By Matthew Brunwasser
The operational headquarters of the Allied Air Command, a cavernous Cold War facility, would make a good set in a post-apocalypse horror film. Its unusual for a journalist to get access to the secret facility, which in this case is limited to the international dining hall and the conference room. A multinational group of NATO officers helping command Operation Unified Protector agreed to answer questions.
Maj. Gregor "Beppo" Brehm is from the German air force. "Coming back to your question, 'what's the problem working in Libya?" he said. "It's exactly this. We are not in Libya."
UN security council resolution 1973 authorized NATO to protect civilians in Libya but not with forces on Libyan territory. So Allied Air command's mission can be complicated.
"We enforce the embargo and the no fly zone and protect civilians from any attack, but we don't have boots on the ground, and so we have to establish the situational awareness from the air," Brehm said.
There is some intelligence from the sea, but in general NATO is conducting operations from far away. It's also stretched wide with 13 airbases in six countries and four headquarters in three countries.
"We provide for the air campaign the strategic direction and then the day to day command and control is done at Poggio, [Renatico, Italy]," said Deputy planning chief, Wing Cmdr. Mike Rafferty from the UK.
It might seem inefficient to have political directives coming from Belgium, strategists in Turkey and pilots in Italy but Rafferty says it works better than you'd think.
"We share the same databases, we use the same procedures which we train to use day in day out during exercises, the whole thing is very joined up. Information passes up and down the chain very quickly," Rafferty said.

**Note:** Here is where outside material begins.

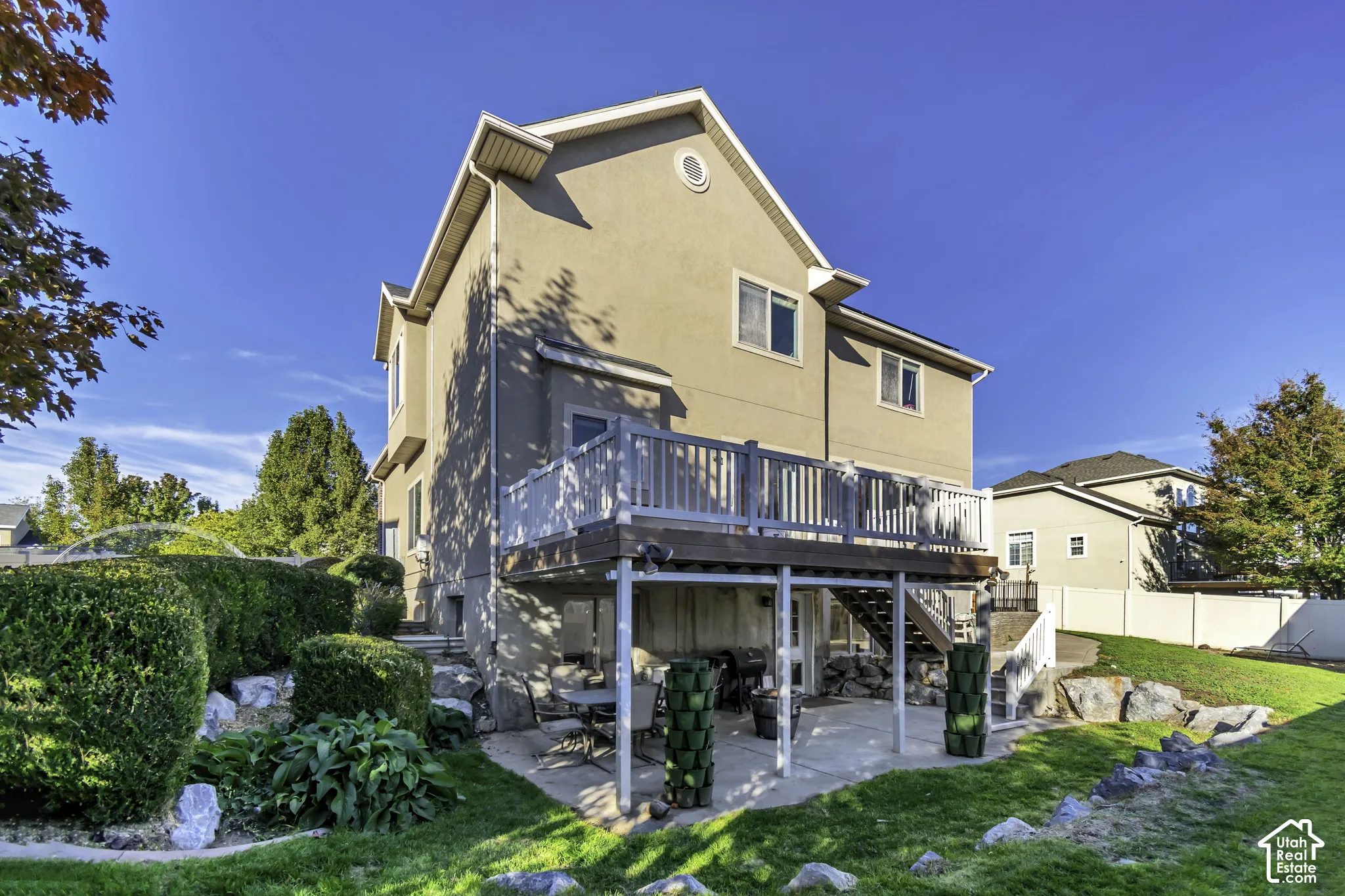 Stucco exterior featuring an elevated deck with white balustrades, a concrete ground-level patio, and natural stone landscaping elements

Operations-wise, there are two ways NATO fulfills its mission to protect civilians. Dynamic targeting is the term NATO uses for attacks against moving targets. Deliberate targeting means hitting specific non-moving targets, the infrastructure behind Gaddafi's forces.
"You attack the supply chain to those forces, so for example we have been successful taking out ammunition storage areas, command and control networks, the supply chains, a lot of that goes on out of site of the population and out of site of the media, but I can assure you we are doing that day to day and we are being successful, slowly his forces are being degraded," Rafferty said.
Adapting to NATO strategy
Wing Cmdr Rafferty said it's been frustrating to see how well Gaddafi's forces have adapted to NATO strategy. Lt. Col. Anthony Stroup from the US Air force, is the political advisor at Allied Air Command Izmir during the operation. He said he knows that from the television coverage of civilians being killed, the situation looks grim especially in Misrata.
"But from an expectations management perspective, you got to look at how bad it would be if we went there," Stroup said. "You also have to look at conditions under which we are operating. You have weather conditions that hinder you, the way Gaddafi's people are operating, wearing civilians clothes in a urban environment, not caring if civilians are hit by our aircraft."
NATO says it will continue its operations until Gaddafi meets three conditions: stopping attacks on civilians, withdrawing his forces and allowing monitors and enabling the UN to provide humanitarian assistance. Stroup stresses this will also require a political and diplomatic solution.
"We're just a piece of the puzzle with our military operations," Stroup said. "
The officers gathered in the bunker wouldn't estimate how much of Qaddafy's forces have already been destroyed, nor how long operations will last.